Le guerre sono anche freddi numeri. Quelli che oggi si contano a Gaza testimoniano quale inferno sia stato creato in quella striscia di terra dove vivevano 2 milioni di persone in 365 chilometri quadrati. Da analisi statistiche indipendenti, effettuate dai ricercatori della London School of Hygiene & Tropical Medicine e pubblicate sulla rivista ‘The Lancet’, apprendiamo che i morti causati dagli scontri sarebbero attualmente oltre 70.000, al 59% donne, bambini e anziani. Il numero delle vittime supererebbe dunque almeno il 40% della cifra diffusa dal ministero della Salute palestinese. Dati crudi e sconvolgenti, a maggior ragione se per ciascuno di quei numeri immaginiamo un volto, storie, affetti. Laddove è guerra, vivere non è altro che sopravvivere, salvare corpo e, possibilmente, anima. Per portare in salvo la seconda occorre talvolta crearsi mentalmente una realtà parallela, spinta magari agli estremi della bugiardaggine e del paradosso. È quanto suggeriscono i racconti di Mazen Maarouf, raccolti sotto il titolo “Come un giorno di sole in panchina”, tradotti per Sellerio da Barbara Teresi. Maarouf, scrittore, poeta, giornalista, è nato a Beirut in una famiglia di profughi palestinesi ed oggi vive tra Beirut e Reykjavík, dove è stato accolto nel 2011 come rifugiato. Le sue storie sono ambientate tra Libano e Israele, Beirut e i Territori Occupati. Storie giustappunto paradossali, poiché per scampare alla tragedia occorre scardinare la realtà con tutti i mezzi: fondamentale è il grimaldello della fantasia, e persino della comicità. Leggiamo allora di una mucca utilizzata per un attentato, di un padre obbligato dai servizi segreti a prendersi cura dei propri figli, di un ragazzo disposto a vendere i suoi sogni a un rivale in amore, di una bambina disabile con il dono di acchiappare e neutralizzare i proiettili, e di un’altra bambina che si reinventa il mondo facendo bambole all’uncinetto (bambole, però, prive di occhi). Quattordici racconti in cui Mazen Maarouf – che mostra particolare attitudine alla forma breve – fa percepire il senso di precarietà e sovrastante sgomento imposti dalla guerra. E non stupisca – sembra suggerire l’autore – se per sopravvivere all’orrore vengano in soccorso la poesia, il sorriso, fantasiosi e sbilenchi sguardi sulla realtà che è di tutt’altri e cupi colori vestita.
***
Saada aveva molte bambole. Tutte all’uncinetto. Non le aveva fatte per venderle, ma per tenerle con sé. Perché Saada era sola. Nessuno l’aveva mai sentita parlare. E se provavi a rivolgerle la parola, lei non rispondeva. Piuttosto, abbassava la testa e con dita nervose faceva una bambola all’uncinetto e poi te la porgeva.

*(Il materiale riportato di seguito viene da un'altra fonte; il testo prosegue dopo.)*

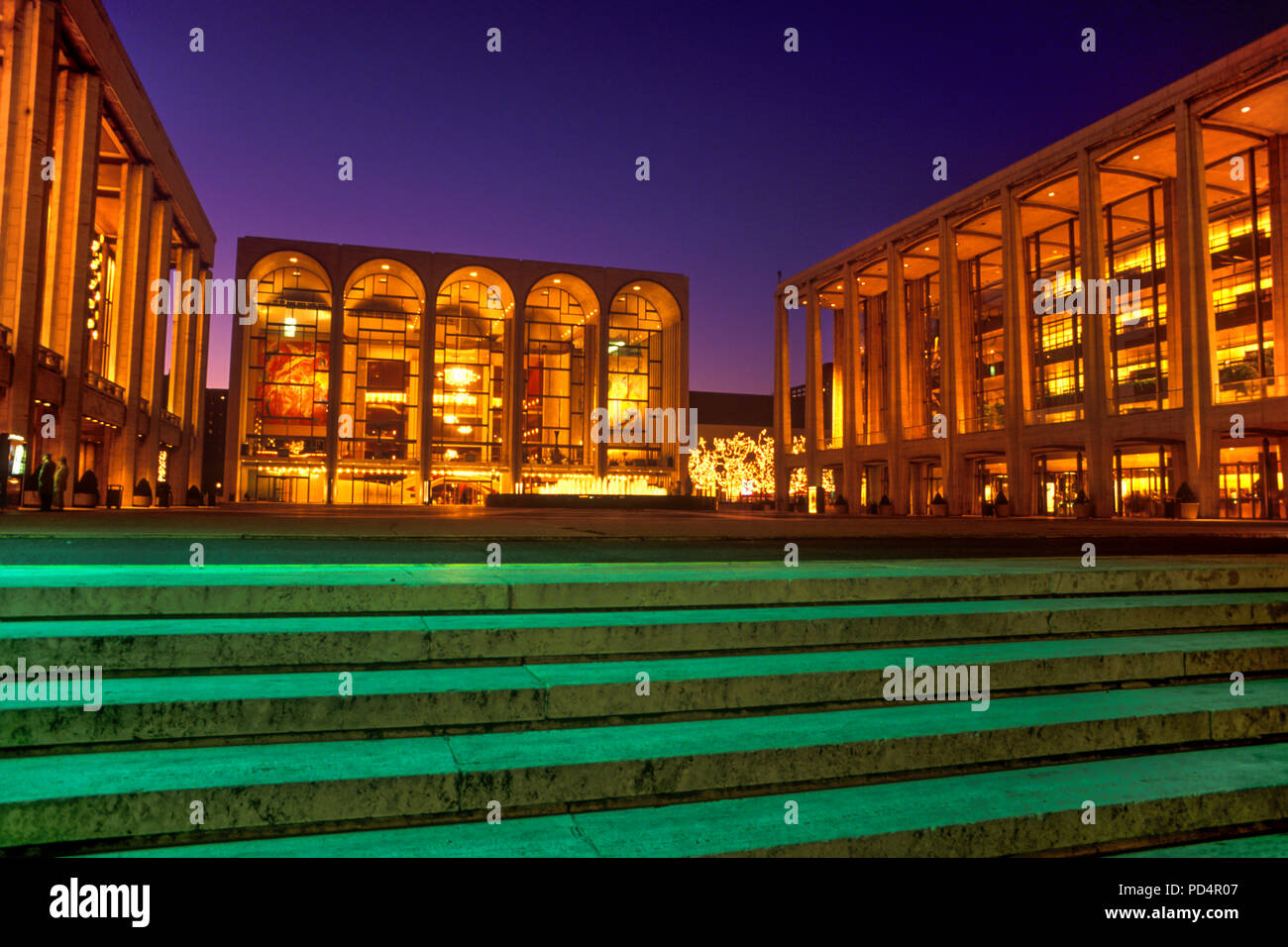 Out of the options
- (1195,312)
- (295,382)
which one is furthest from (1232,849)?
(295,382)

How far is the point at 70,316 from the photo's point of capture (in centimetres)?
2780

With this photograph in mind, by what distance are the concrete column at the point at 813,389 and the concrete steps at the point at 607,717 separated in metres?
48.3

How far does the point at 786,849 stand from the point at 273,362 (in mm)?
58840

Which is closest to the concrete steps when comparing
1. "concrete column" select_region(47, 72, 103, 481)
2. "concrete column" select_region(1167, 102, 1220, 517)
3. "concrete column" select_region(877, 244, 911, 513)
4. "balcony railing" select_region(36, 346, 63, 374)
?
"balcony railing" select_region(36, 346, 63, 374)

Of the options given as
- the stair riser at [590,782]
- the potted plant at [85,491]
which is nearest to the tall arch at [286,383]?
the potted plant at [85,491]

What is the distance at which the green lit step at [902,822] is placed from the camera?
97.2 inches

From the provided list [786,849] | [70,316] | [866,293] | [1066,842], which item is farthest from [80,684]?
[866,293]

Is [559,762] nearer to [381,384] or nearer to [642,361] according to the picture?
[381,384]

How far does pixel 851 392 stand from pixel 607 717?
48.9 metres

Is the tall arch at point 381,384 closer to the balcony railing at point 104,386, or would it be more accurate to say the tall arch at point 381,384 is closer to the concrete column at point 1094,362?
the balcony railing at point 104,386

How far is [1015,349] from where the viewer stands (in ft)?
121

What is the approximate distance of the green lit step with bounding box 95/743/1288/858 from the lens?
8.10 ft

Quanto a noi, che ogni mattina andavamo a fare una passeggiata in riva al mare, non sapevamo dove prendesse i fili, né come mettesse da parte i soldi per comprarli, né se lavorasse. Quello che non sapevamo era che Saada, per via del suo amore per l’uncinetto, aveva il potere di tirare fuori un filo da qualsiasi cosa. Se voleva un filo verde, tendeva la mano alla pianta più vicina e tirava fuori un filo gommoso verde. E se voleva un filo bianco, poteva prenderlo dalla più vicina nuvola di passaggio. Se invece le servivano fili scintillanti, allora aspettava la notte, e i fili scendevano verso di lei dalle stelle. Nessuno avrebbe mai immaginato che Saada si procurasse i fili in quel modo.

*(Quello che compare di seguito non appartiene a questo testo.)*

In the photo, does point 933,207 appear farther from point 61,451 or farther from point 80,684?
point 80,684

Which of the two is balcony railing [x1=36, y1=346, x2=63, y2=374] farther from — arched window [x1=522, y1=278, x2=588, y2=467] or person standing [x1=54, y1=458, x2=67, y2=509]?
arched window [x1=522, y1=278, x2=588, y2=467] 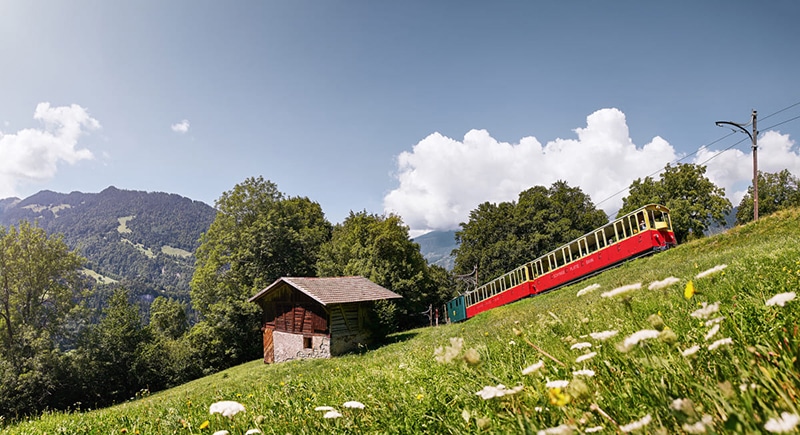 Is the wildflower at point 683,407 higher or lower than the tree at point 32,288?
lower

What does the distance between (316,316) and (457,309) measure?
15444mm

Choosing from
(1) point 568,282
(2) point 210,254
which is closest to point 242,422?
(1) point 568,282

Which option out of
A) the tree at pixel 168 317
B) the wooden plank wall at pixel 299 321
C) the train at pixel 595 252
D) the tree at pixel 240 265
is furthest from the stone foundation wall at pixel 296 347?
the tree at pixel 168 317

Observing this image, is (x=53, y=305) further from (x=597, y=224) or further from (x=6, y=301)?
(x=597, y=224)

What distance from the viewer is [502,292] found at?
29594 mm

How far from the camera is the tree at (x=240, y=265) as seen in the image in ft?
118

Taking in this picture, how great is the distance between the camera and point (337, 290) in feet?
83.3

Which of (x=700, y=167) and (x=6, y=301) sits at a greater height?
(x=700, y=167)

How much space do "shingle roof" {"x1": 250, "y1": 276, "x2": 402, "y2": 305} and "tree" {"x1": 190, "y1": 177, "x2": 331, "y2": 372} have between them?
8.41 meters

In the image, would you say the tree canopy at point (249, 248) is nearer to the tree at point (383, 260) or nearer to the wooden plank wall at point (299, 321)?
the tree at point (383, 260)

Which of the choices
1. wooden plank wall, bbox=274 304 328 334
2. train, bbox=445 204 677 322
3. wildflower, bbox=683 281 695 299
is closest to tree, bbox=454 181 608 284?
train, bbox=445 204 677 322

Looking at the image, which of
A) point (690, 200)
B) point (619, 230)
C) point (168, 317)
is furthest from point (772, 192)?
point (168, 317)

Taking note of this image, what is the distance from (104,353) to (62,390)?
411cm

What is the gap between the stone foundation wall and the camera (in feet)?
80.8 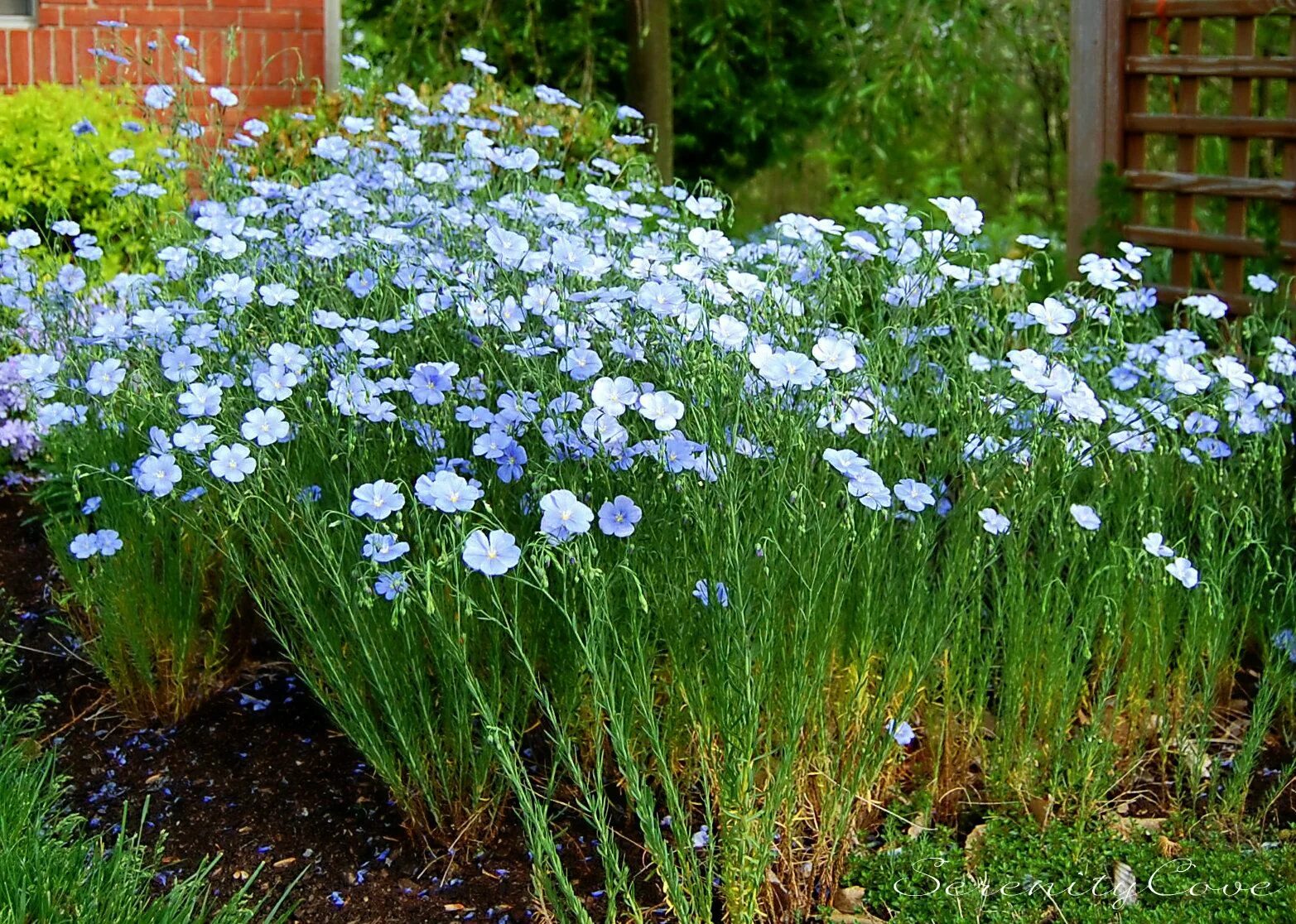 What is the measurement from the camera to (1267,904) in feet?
8.32

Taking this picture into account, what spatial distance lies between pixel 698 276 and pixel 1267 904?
1.40 meters

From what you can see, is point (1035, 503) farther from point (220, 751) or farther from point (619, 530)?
point (220, 751)

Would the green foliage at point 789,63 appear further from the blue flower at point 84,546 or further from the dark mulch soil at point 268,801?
the blue flower at point 84,546

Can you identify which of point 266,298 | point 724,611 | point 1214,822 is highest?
point 266,298

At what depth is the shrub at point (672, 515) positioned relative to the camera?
2365 mm

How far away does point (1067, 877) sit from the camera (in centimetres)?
261

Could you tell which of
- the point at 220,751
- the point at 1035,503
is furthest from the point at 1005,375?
the point at 220,751

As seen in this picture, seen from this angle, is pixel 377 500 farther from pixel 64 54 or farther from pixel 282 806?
pixel 64 54

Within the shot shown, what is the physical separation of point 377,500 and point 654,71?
5.16m

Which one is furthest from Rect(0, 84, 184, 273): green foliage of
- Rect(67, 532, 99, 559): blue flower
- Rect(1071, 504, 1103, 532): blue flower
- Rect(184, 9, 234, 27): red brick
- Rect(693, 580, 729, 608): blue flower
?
Rect(1071, 504, 1103, 532): blue flower

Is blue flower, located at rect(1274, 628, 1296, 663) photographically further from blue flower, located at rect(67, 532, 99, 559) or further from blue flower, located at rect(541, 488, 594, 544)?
blue flower, located at rect(67, 532, 99, 559)

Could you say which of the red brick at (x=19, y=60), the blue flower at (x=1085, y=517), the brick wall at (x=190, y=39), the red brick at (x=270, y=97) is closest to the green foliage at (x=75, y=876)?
the blue flower at (x=1085, y=517)

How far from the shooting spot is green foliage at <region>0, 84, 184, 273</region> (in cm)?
493

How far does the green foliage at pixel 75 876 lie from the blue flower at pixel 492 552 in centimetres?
64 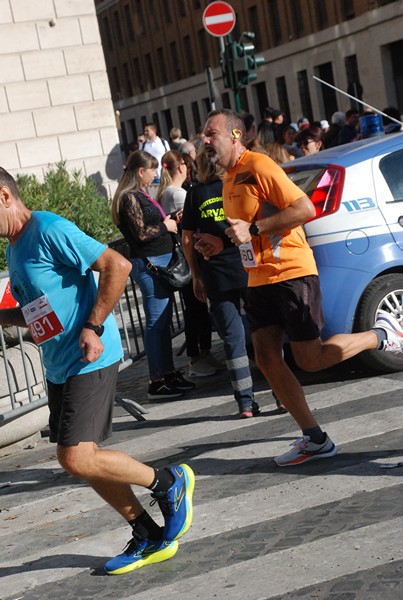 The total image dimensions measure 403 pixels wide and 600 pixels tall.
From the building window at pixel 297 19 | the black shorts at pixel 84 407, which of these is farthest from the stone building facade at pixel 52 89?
the building window at pixel 297 19

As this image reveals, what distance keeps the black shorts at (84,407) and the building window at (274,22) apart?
163 feet

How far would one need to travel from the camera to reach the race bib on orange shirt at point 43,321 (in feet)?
16.4

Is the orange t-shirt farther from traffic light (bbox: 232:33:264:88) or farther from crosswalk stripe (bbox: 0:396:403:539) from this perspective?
traffic light (bbox: 232:33:264:88)

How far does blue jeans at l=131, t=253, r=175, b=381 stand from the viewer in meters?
9.01

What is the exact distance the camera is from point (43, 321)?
500 cm

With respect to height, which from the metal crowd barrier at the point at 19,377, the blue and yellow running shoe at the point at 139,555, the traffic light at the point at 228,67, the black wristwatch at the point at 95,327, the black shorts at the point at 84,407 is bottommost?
the blue and yellow running shoe at the point at 139,555

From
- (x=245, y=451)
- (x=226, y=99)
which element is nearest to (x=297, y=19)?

La sua casa era piena di lavori all’uncinetto. Animali e persone. Tutti senza occhi. Probabilmente perché, quando Saada era piccola, suo fratello aveva perso la vista. Non che fosse diventato cieco tutto in una volta. Era successo a poco a poco. E poi, a dire il vero, non era diventato cieco, aveva solo perso la capacità di vedere i colori. Se glielo avessimo chiesto, ci avrebbe risposto così. Ma nessuno sapeva con certezza perché i giocattoli di Saada fossero senza occhi.
La verità era che il fratello non accettava l’idea di perdere la vista. E all’inizio era così frustrato e irritabile che aveva rotto i giocattoli di sua sorella, dicendole: «Tanto non ti servono più, devi venire con me al palazzo degli oggetti smarriti». Saada pensava che tutte le cose che le persone perdono, anche il coraggio e i colori, si accumulino sulla superficie della luna, nel lato buio, e che per tale ragione suo fratello, da quando aveva perso la vista, guardava in alto. Ma quando lui le aveva parlato del palazzo, aveva capito di essersi sbagliata. E così si era messa a preparare tutto il necessario, vestiti, libri, cibo, per accompagnarlo di buon mattino al palazzo degli oggetti smarriti a recuperare i suoi colori. «Non dire a nessuno che andiamo domani mattina. Nemmeno a mamma e papà. Se qualcuno lo scopre, non potrò riprendermi i miei colori». Saada annuì e giurò di non rivelare il loro segreto ad anima viva. Quella notte andò a dormire prima del solito. Ma suo fratello non la portò in nessun palazzo, anzi, dopo aver camminato a lungo, entrarono in una casa di pietra, remota e semidistrutta, in mezzo a un vasto terreno incolto e con un grande e antico carrubo di fronte. La casa di pietra era così vecchia che i denti di leone ne avevano ricoperto le pareti interne.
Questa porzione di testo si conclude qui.